El duque se retiró bruscamente; poco más tarde llegó la hora de la despedida. Bajo una antorcha llameante, Magnachar hizo la señal como si los bendijese con su fuego; la comitiva que iba en busca de Templo de la Espada se puso en marcha. Vigi observaba torvamente a Angus. Se pasaba la mano por la cabeza calva, plagada de pliegues y arrugas a la altura del cuello, en actitud pensativa. El cristiano se fijó una vez más en aquel pendiente de oro y en los ojos amarillos del sacerdote. No supo por qué, pero tuvo un extraño presentimiento al encontrarse con su mirada. Vigi había sido humillado por Widukind durante aquel viaje, ahora lo sabía, y con él, sus dioses. Su autoridad como sacerdote de Odín había sido cuestionada, y sus vengativas pretensiones se habían visto frustradas en el episodio de Medcaut. Lo peor de todo fue la salvación de Ivar gracias a las hierbas suministradas por el obispo de la Isla Santa. La muerte de Ivar habría traído una matanza por parte de los daneses, y la supremacía de los dioses paganos frente a la intercesión del verdadero Dios. Sin embargo su cura había dado más ímpetu al liderazgo de Widukind, quedando Ragnar en segundo plano, quien además se dio por satisfecho a regañadientes, pues su hijo había escapado de las garras de la muerte.

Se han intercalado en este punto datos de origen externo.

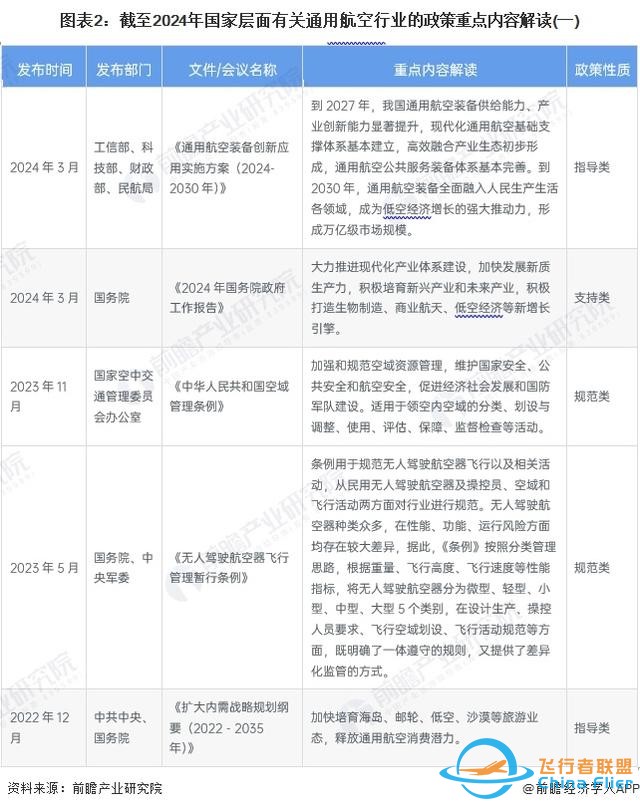 重磅！2024年中國及31省市通用航空行業(yè)政策匯總及解讀（全）-3714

Angus no habló más con Widukind, pero contempló cómo la horda de daneses se perdía en la oscuridad. Constató que Ragnar permitió a su hijo mayor, Halfdan, permanecer con ellos en su viaje tierra adentro. En la noche clara, vio centellear las luces de los daneses hasta que por fin se extinguieron en el mar de hierba de las colinas de Asterga. Entonces buscó consuelo en las estrellas.